» EXERCISE OBJECTIVE
Beginning with the first line, please repeat the entries exactly and end on the line that contains "Wren Zero Gravity".

» Saved data entries

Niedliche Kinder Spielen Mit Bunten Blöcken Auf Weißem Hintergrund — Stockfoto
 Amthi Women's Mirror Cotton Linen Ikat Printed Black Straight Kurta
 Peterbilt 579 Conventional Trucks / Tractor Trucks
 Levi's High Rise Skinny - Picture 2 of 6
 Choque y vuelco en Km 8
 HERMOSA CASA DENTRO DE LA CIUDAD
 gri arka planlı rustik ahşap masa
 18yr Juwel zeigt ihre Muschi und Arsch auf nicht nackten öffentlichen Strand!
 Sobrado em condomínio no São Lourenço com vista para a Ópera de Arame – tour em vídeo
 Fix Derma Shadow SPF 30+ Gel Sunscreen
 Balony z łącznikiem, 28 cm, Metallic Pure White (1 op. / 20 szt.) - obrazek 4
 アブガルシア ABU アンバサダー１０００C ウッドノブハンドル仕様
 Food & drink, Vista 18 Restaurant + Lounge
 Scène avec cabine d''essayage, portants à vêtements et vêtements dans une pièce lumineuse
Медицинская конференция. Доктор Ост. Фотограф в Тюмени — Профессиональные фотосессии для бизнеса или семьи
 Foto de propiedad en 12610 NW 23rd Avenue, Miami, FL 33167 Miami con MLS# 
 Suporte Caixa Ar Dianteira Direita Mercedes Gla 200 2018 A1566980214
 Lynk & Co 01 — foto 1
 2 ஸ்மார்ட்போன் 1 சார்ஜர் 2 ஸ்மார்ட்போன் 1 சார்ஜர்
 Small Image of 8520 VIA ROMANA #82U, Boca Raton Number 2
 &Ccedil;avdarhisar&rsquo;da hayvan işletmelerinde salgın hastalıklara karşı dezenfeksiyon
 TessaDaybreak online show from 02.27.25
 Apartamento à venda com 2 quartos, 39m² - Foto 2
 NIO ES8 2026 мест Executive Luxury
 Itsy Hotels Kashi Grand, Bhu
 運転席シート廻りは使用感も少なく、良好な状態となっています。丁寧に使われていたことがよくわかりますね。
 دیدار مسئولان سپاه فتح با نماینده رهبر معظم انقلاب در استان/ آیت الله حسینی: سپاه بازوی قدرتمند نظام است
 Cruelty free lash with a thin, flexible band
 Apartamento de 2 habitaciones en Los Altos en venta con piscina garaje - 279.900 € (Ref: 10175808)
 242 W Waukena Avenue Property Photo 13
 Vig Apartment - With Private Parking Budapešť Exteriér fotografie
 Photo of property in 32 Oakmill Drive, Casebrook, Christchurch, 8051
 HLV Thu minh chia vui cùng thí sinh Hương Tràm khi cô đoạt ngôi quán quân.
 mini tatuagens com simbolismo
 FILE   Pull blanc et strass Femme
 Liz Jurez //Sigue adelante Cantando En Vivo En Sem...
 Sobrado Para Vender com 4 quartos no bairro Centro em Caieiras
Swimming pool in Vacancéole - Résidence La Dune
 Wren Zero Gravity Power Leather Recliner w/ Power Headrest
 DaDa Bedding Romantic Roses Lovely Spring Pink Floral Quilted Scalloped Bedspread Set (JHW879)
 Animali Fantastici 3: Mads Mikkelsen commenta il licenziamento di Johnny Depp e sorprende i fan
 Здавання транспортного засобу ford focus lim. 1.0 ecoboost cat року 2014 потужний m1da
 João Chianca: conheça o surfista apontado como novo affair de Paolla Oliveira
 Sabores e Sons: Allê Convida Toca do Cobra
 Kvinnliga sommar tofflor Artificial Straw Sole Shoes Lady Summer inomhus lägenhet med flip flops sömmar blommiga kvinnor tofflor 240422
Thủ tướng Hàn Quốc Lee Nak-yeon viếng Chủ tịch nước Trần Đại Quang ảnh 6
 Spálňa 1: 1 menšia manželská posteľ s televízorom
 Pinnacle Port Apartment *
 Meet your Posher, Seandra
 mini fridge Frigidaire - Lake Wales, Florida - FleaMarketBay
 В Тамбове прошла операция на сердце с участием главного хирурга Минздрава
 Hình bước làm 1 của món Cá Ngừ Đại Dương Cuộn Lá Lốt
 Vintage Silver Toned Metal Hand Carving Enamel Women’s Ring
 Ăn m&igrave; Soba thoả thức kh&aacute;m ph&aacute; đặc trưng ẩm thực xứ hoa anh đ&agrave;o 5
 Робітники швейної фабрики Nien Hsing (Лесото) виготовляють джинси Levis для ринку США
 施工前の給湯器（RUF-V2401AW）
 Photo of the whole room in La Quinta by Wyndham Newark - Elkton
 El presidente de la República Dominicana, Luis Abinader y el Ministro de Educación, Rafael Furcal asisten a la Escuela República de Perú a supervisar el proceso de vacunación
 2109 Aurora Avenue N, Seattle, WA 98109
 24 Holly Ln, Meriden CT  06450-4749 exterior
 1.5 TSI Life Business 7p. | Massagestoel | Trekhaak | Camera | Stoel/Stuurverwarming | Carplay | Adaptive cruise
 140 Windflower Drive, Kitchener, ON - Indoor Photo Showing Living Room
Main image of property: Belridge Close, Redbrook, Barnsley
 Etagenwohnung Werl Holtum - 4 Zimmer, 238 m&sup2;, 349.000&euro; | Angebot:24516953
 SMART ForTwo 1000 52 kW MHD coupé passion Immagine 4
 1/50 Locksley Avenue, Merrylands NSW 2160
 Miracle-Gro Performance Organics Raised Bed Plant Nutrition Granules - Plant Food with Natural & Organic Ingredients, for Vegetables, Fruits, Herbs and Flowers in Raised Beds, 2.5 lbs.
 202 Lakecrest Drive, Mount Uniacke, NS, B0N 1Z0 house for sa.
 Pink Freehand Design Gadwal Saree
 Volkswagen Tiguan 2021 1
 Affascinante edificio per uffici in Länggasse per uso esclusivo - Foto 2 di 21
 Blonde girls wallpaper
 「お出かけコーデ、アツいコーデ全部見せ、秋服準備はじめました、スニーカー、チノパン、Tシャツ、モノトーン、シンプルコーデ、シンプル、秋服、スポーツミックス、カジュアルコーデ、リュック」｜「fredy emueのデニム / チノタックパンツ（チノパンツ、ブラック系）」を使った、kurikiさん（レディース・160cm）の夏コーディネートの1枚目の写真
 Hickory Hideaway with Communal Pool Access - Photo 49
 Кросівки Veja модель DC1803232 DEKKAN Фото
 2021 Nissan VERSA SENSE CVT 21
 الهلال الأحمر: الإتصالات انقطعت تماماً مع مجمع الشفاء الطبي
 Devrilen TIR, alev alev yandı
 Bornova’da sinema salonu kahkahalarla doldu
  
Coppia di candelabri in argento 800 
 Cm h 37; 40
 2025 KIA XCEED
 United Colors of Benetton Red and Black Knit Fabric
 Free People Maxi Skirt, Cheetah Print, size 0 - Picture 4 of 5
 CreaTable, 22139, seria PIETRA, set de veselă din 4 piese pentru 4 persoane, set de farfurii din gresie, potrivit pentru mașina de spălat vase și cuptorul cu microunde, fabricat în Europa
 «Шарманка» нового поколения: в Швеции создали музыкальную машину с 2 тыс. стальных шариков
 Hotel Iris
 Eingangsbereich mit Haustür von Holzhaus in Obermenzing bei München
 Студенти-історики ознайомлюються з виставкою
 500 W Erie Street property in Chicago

» EXERCISE RESPONSE
Niedliche Kinder Spielen Mit Bunten Blöcken Auf Weißem Hintergrund — Stockfoto
 Amthi Women's Mirror Cotton Linen Ikat Printed Black Straight Kurta
 Peterbilt 579 Conventional Trucks / Tractor Trucks
 Levi's High Rise Skinny - Picture 2 of 6
 Choque y vuelco en Km 8
 HERMOSA CASA DENTRO DE LA CIUDAD
 gri arka planlı rustik ahşap masa
 18yr Juwel zeigt ihre Muschi und Arsch auf nicht nackten öffentlichen Strand!
 Sobrado em condomínio no São Lourenço com vista para a Ópera de Arame – tour em vídeo
 Fix Derma Shadow SPF 30+ Gel Sunscreen
 Balony z łącznikiem, 28 cm, Metallic Pure White (1 op. / 20 szt.) - obrazek 4
 アブガルシア ABU アンバサダー１０００C ウッドノブハンドル仕様
 Food & drink, Vista 18 Restaurant + Lounge
 Scène avec cabine d''essayage, portants à vêtements et vêtements dans une pièce lumineuse
Медицинская конференция. Доктор Ост. Фотограф в Тюмени — Профессиональные фотосессии для бизнеса или семьи
 Foto de propiedad en 12610 NW 23rd Avenue, Miami, FL 33167 Miami con MLS# 
 Suporte Caixa Ar Dianteira Direita Mercedes Gla 200 2018 A1566980214
 Lynk & Co 01 — foto 1
 2 ஸ்மார்ட்போன் 1 சார்ஜர் 2 ஸ்மார்ட்போன் 1 சார்ஜர்
 Small Image of 8520 VIA ROMANA #82U, Boca Raton Number 2
 &Ccedil;avdarhisar&rsquo;da hayvan işletmelerinde salgın hastalıklara karşı dezenfeksiyon
 TessaDaybreak online show from 02.27.25
 Apartamento à venda com 2 quartos, 39m² - Foto 2
 NIO ES8 2026 мест Executive Luxury
 Itsy Hotels Kashi Grand, Bhu
 運転席シート廻りは使用感も少なく、良好な状態となっています。丁寧に使われていたことがよくわかりますね。
 دیدار مسئولان سپاه فتح با نماینده رهبر معظم انقلاب در استان/ آیت الله حسینی: سپاه بازوی قدرتمند نظام است
 Cruelty free lash with a thin, flexible band
 Apartamento de 2 habitaciones en Los Altos en venta con piscina garaje - 279.900 € (Ref: 10175808)
 242 W Waukena Avenue Property Photo 13
 Vig Apartment - With Private Parking Budapešť Exteriér fotografie
 Photo of property in 32 Oakmill Drive, Casebrook, Christchurch, 8051
 HLV Thu minh chia vui cùng thí sinh Hương Tràm khi cô đoạt ngôi quán quân.
 mini tatuagens com simbolismo
 FILE   Pull blanc et strass Femme
 Liz Jurez //Sigue adelante Cantando En Vivo En Sem...
 Sobrado Para Vender com 4 quartos no bairro Centro em Caieiras
Swimming pool in Vacancéole - Résidence La Dune
 Wren Zero Gravity Power Leather Recliner w/ Power Headrest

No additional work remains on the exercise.